Of course, the stage tonight is the Benito Villamarín (which recovers its name after the Lopera phase), not to mention the fifteen thousand fans who turned up to the training session on Sunday. Most were Betis supporters, and tonight will be no different, because in Seville it's nigh on impossible for fans to go to a rival’s ground neutrally. Spain captain Sergio Ramos is from Seville and knows this all too well, which is why his affectionate comments about Betis on Sunday were a surprise and will guarantee a ‘warm’ welcome in his forthcoming trips to the Sánchez Pizjuán. I’m not sure if he was just playing to the crowd or was handing out an olive branch to fans he grew up amongst. Whatever the case, it will be the talk of the town.

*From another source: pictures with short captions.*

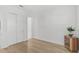 Light and airy bedroom featuring a double door closet and wood flooring at 5035 Kiva Cir, Bradenton, FL 34211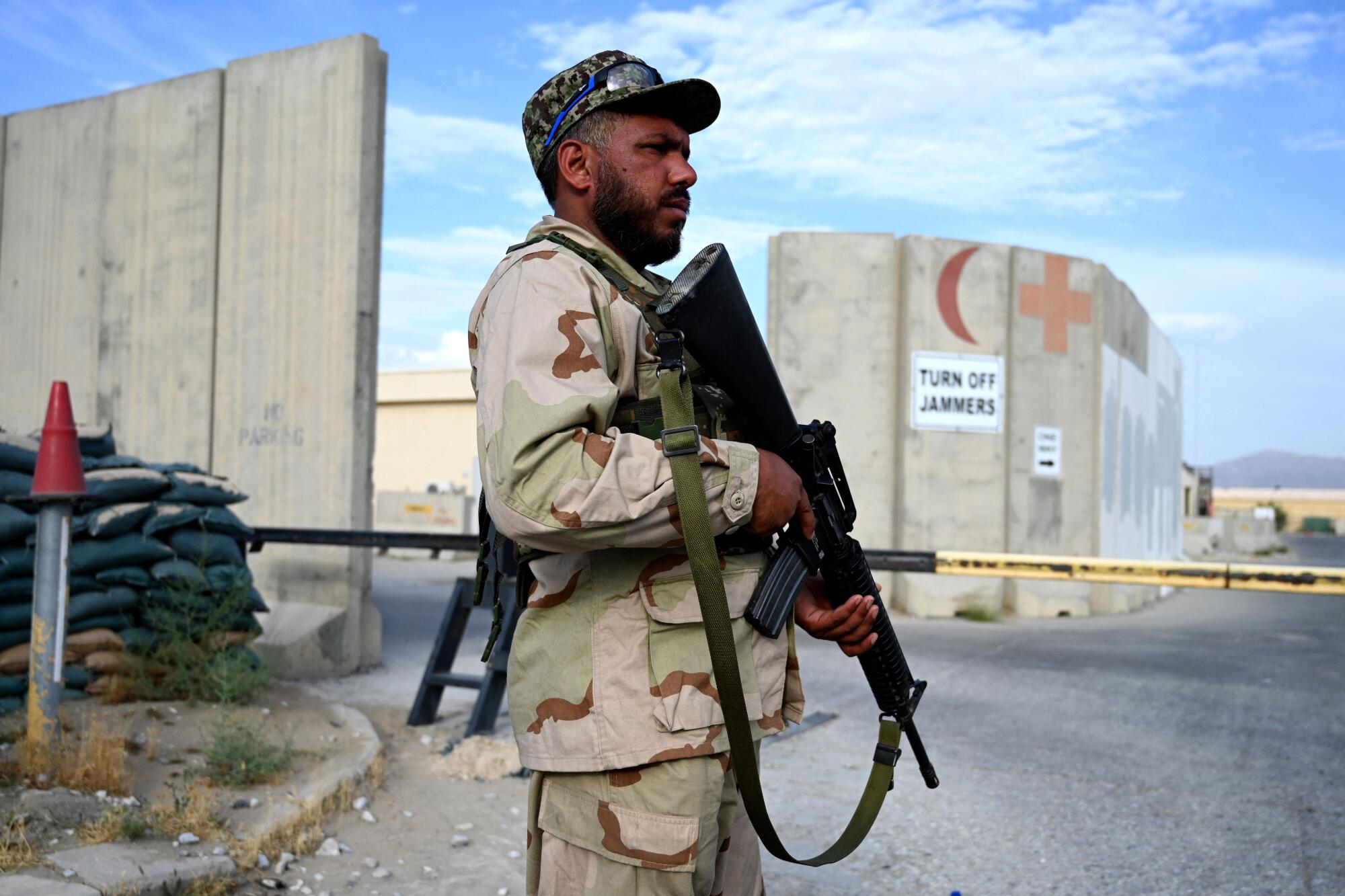 Armed Afghan soldier stands guard at a gate  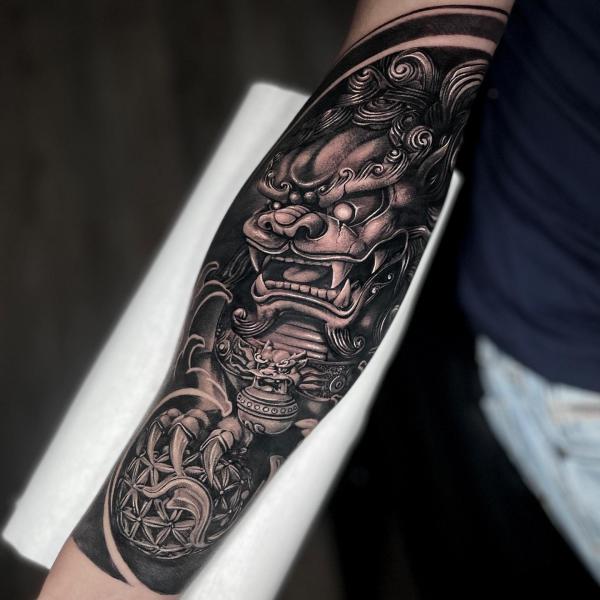 Foo dog with ball tattoo sleeve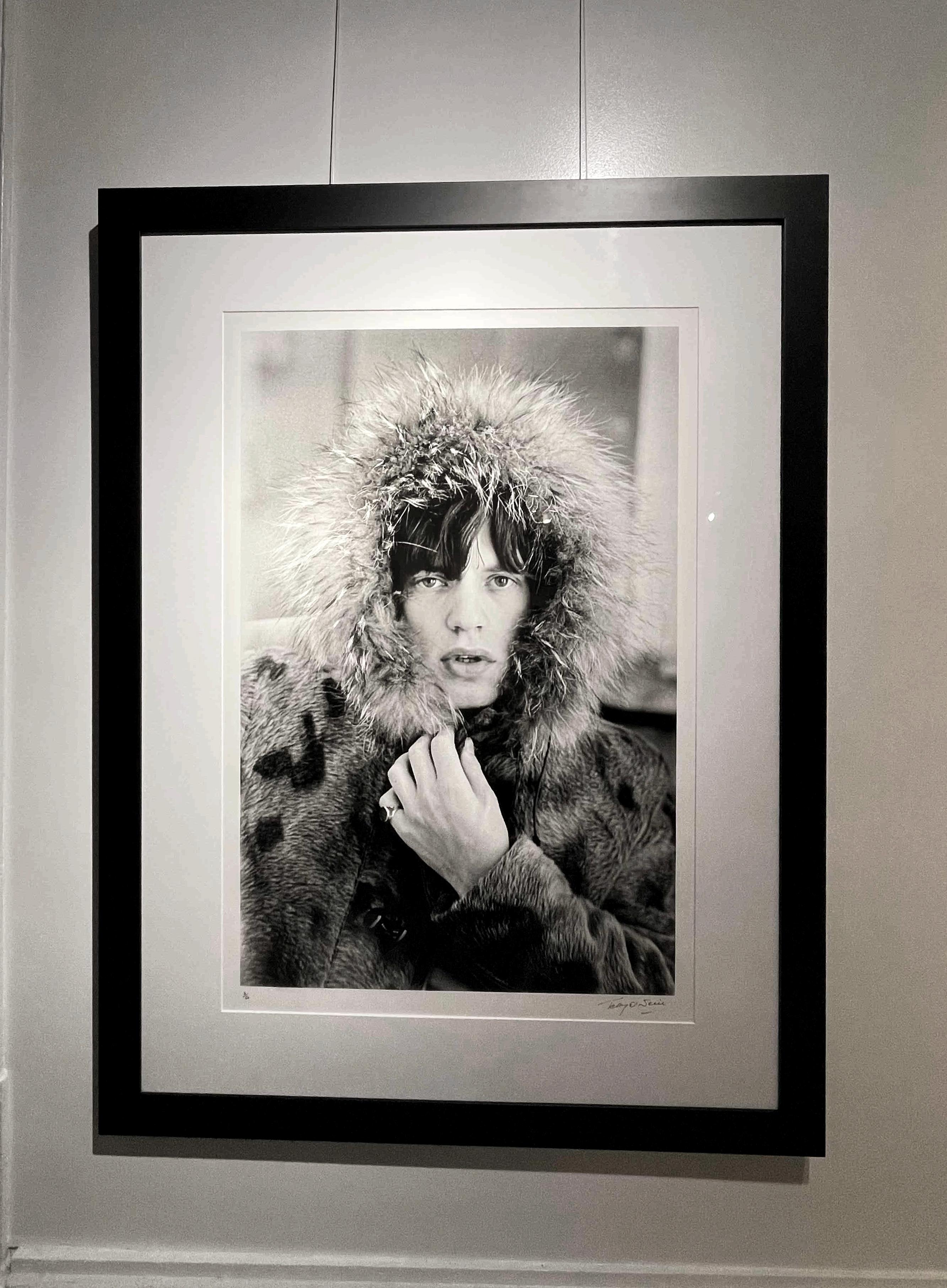 Mick Jagger Parka, 1964 Signed Limited Edition, Framed - Photograph by Terry O'Neill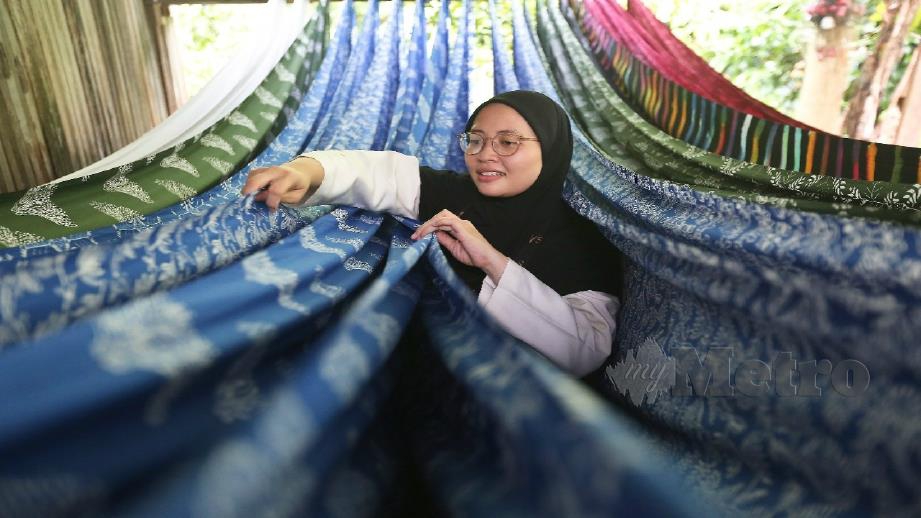 Haniza melihat batik terap yang dihasilkan di Bengkel Batik Nysa Kapas dekat rumahnya di Kampung Serada, Kuala Terengganu. Foto Ghazali Kori   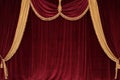 Scarlet velvet curtains with lambrequin and gold fringe Royalty Free Stock Photo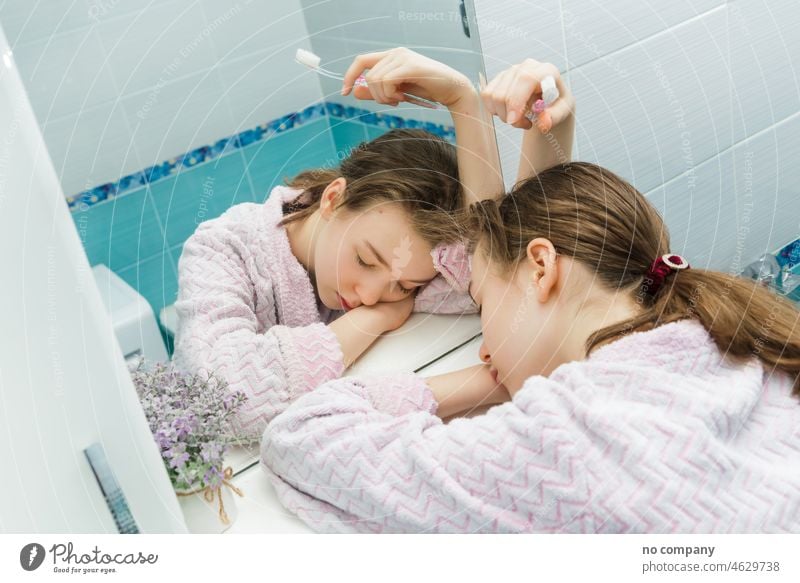 sleeping teen girl with a toothbrush in hands sleepy early morning tooth-brush tooth brush tired weary hold slumber fingers back lying stand shelf evening clean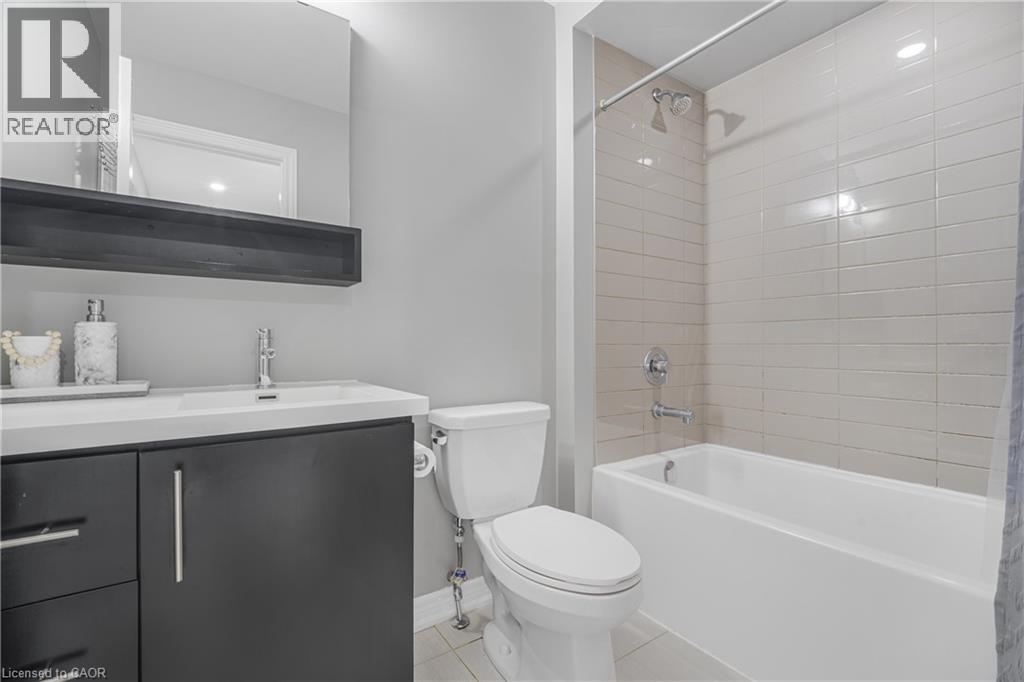 White undermount sink with a chrome faucet, dark wood-finish vanity with chrome hardware, rectangular mirror, and a white bathtub with horizontal tile surround - 1890 Rymal Road E Unit# 144, Hamilton, ON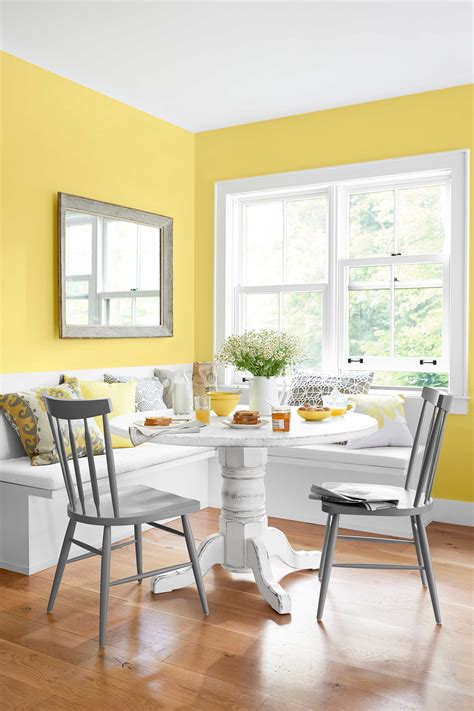These Warm Paint Color Ideas Will Make Your Home Feel Extra Cozy | Yellow dining room, Warm ...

A depleted England awaits Spain – Southgate’s squad are without Dele Alli, Delph, Lallana and Lingard, and against Croatia they also lost two starters, Stones and Henderson, who were both shown a second yellow, amounting to a one-game suspension in this tournament, which gets wiped clean in the finals. Southgate has left behind, along with his waistcoat, part of that magic touch he had at the World Cup, when England finally went some way to living up to the eternal hope and expectations of its supporters and a nation that has spent decades waiting to relive that side of ’66, with Banks, Moore, Charlton and Hurst. Nevertheless, I always have respect for England.